Je le reconduisis chez lui et il demeura froid et silencieux tout au long du trajet. En arrivant, il m’invita à rencontrer sa famille. Comme nous marchions le long de l’allée qui conduisait à la maison, il s’arrêta brièvement à un arbre, en touchant le bout des branches. Lorsqu’il ouvrit la porte d’entrée, une étonnante transformation se produisit. Son visage devint rayonnant, il caressa ses deux enfants et embrassa sa femme. Il me raccompagna à ma voiture, en passant près de l’arbre. La curiosité s’empara de moi et je lui demandai pourquoi il en avait touché les branches, un peu plus tôt.

« C’est mon arbre à soucis », me répondit-il. « Je sais que je ne peux éviter les problèmes, les soucis et les embûches qui traversent mes journées, mais il y a une chose dont je suis certain : ceux-ci n’ont aucune place dans la maison avec ma femme et mes enfants.
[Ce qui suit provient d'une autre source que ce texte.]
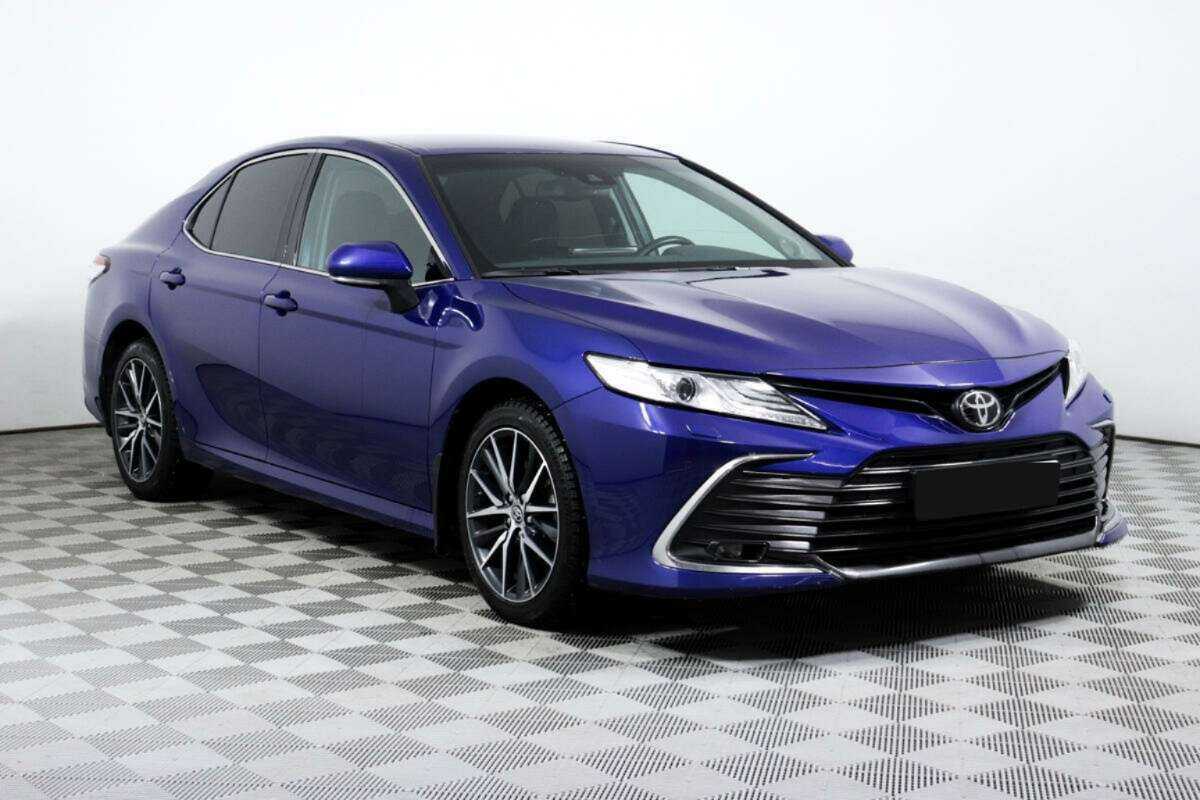 Купить Toyota Camry с пробегом. Фото: #2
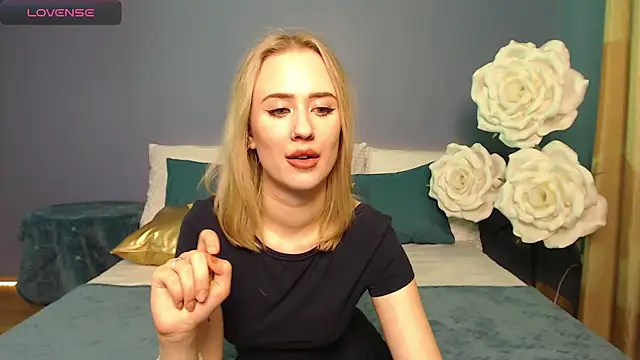 Snapshot of SashaBrooks chatting on November 2025 02:22:01 PM SashaBrooks online show from November 2025 02:22:01 PM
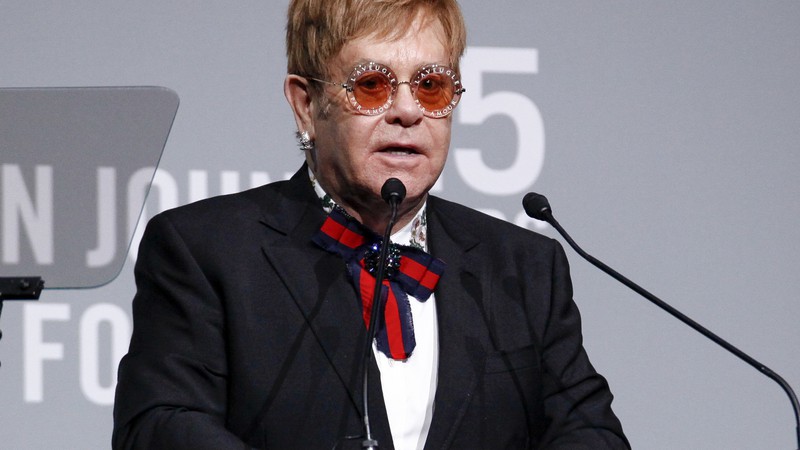 Elton John no evento do 25º aniversário da Elton John AIDS Foundation - AP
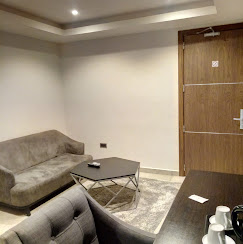 Studio Room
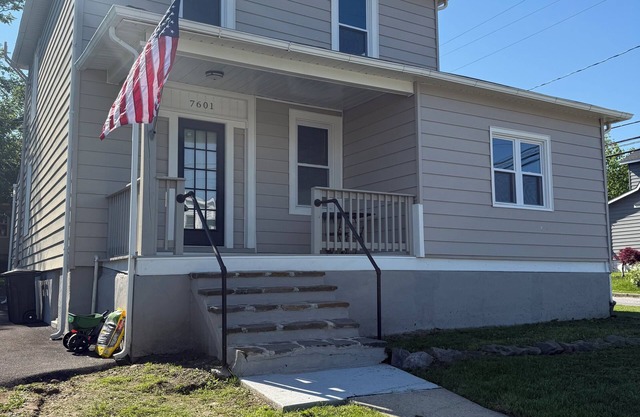 Spacious 6-bedroom house in nice Parkville with WiFi, AC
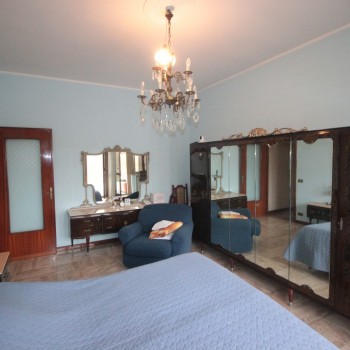 VENDESI CASA INDIPENDENTE CON CORTILE - Foto 11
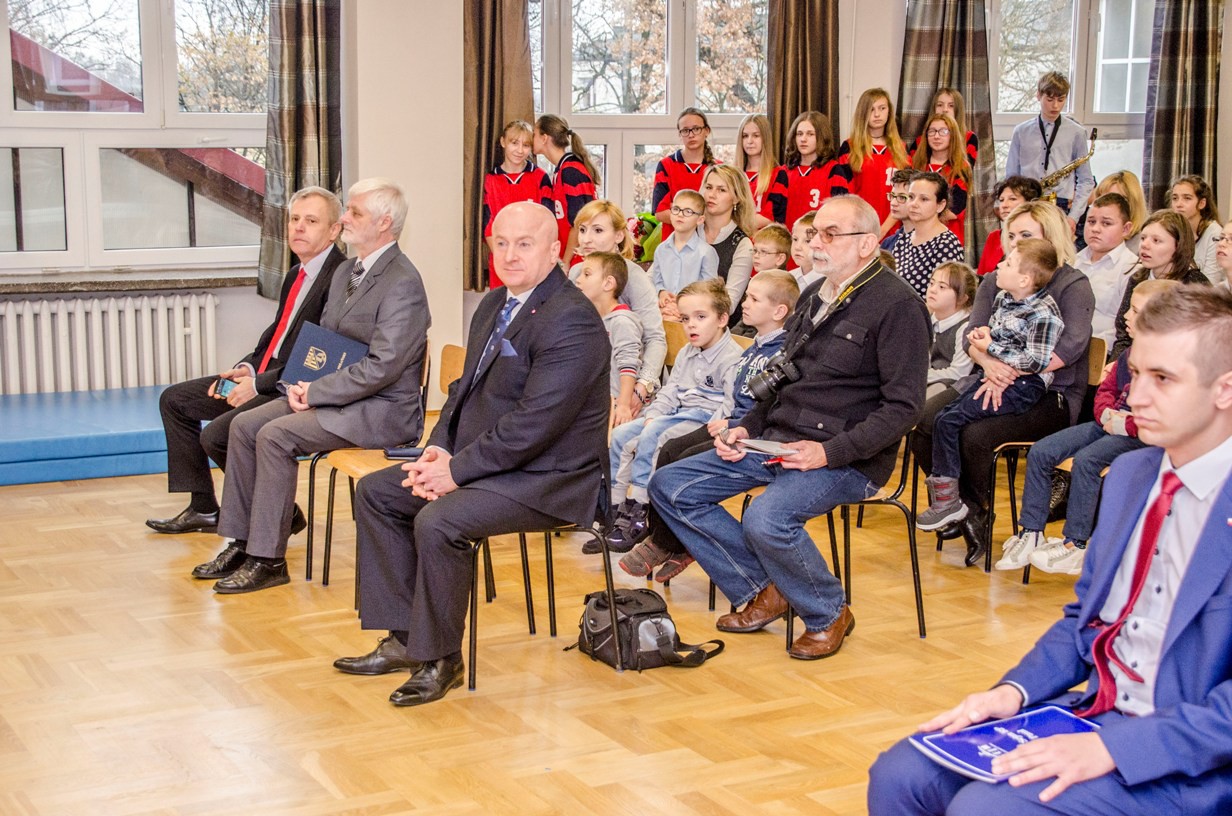 W Rudniku nad Sanem otwarto boisko wielofunkcyjne z siłownią terenową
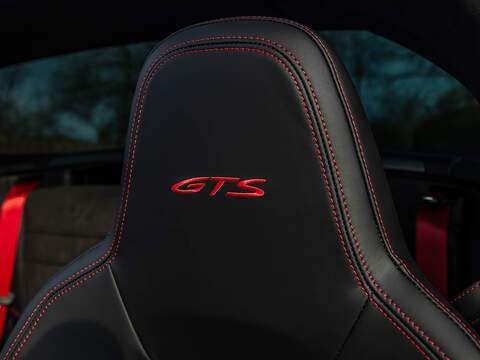 Porsche 911 Targa 4 GTS  (992.1)  - U5870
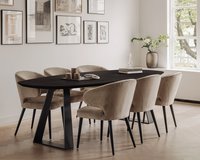 Deens ovale eikenhouten eettafel Cruz in black smoke intense met de Bette eetkamerstoelen in Juke - khaki 51.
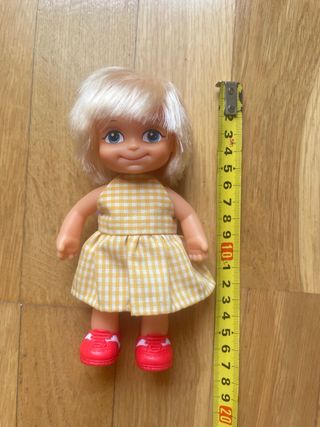 Muñeca estilo barriguita antigua
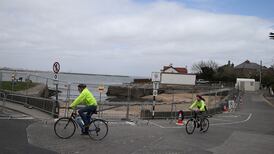 Temperatures dip for weekend as Sandycove is hit by swimming ban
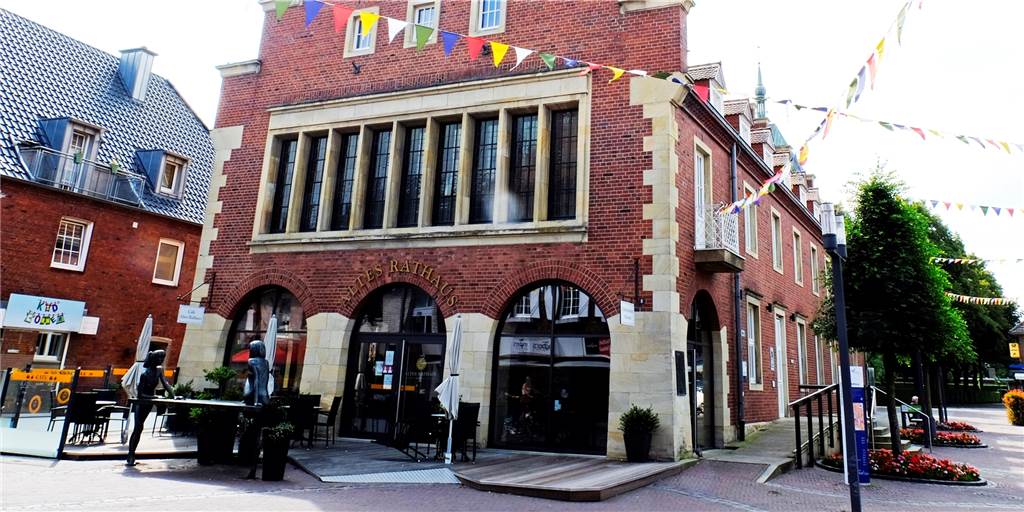 Corona und Personalmangel: Café Altes Rathaus schon wieder geschlossen Nach nur wenigen Monaten der Öffnung nach Pächterwechsel ist das Café Altes Rathaus bereits wieder geschlossen. Die Bürgerstiftung arbeitet an einer möglichst zügigen Nachfolgelösung.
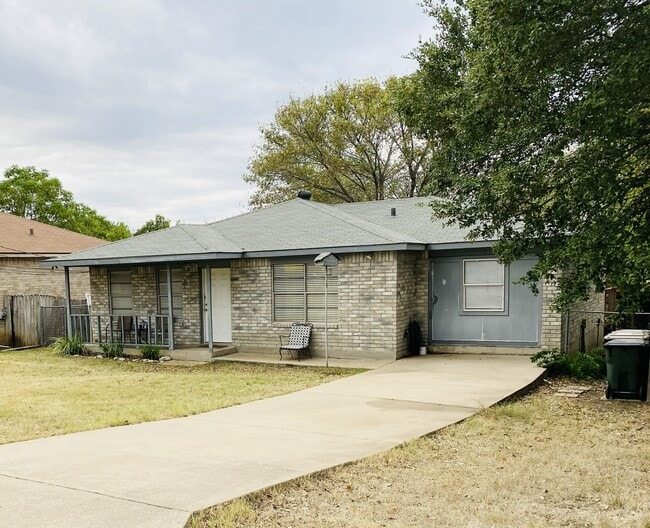 Front yard - 1918 Castle Gate Cir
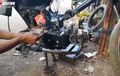 Tebak, Gimana Bisa? Mesin Motor Nyala, Padahal Karburator Dipasang Di Ujung Knalpot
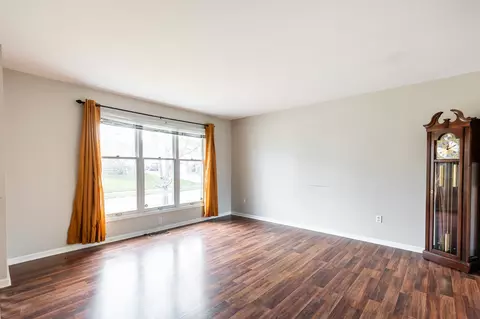 647 Regent, Cincinnati, OH 45245 photo 5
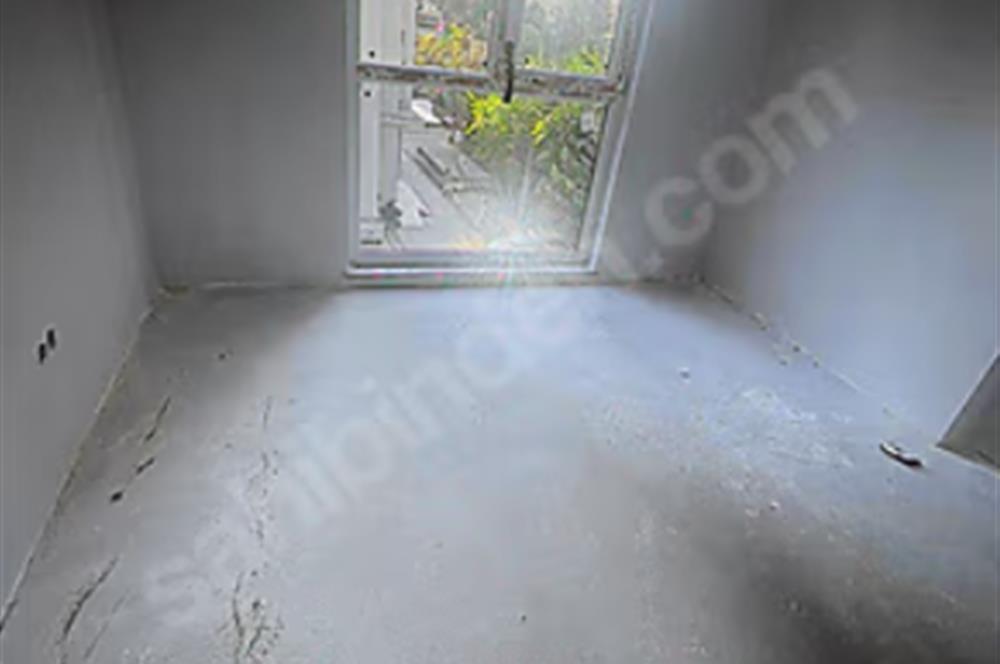 ERENKÖY DE MARMARAY VE ULAŞIMA ÇOK YAKIN 4+1 DUBLEX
Alors, je les accroche à mon arbre à soucis tous les soirs lorsque je rentre à la maison. Et puis, je les reprends le matin. » Ce qu’il y a de plus drôle », sourit-il, « c’est que lorsque je sors de la maison le matin pour les reprendre, il y en a beaucoup moins que la veille lorsque je les avais accrochés ».

Cette histoire transmise, il y a quelques années, par une lectrice mérite notre attention. Qui d’entre nous n’a aucun souci ? C’est quotidiennement que, pour diverses raisons, nous avons de quoi nous tracasser. Comme pour nous empêcher de vivre et d’être pleinement heureux.

Et si l’on prenait le temps de hiérarchiser ses soucis, histoire de ne pas transformer en montagne ce qui n’est bien souvent qu’une taupinière ? Et, plus profondément, si l’on décidait de vivre la confiance ? Confiance en soi, pour certains... Pour d’autres, confiance en Dieu : « Jette ton fardeau, mets le sur le Seigneur, il te réconfortera » nous dit le psalmiste.

En botanique, le souci est une fleur qui se ferme la nuit venue et qui s’ouvre au contact du soleil. Bel enseignement pour nous qui passons de la nuit à la lumière. Peut-être pourrions-nous semer quelques graines de soucis... plus commode que de planter un arbre !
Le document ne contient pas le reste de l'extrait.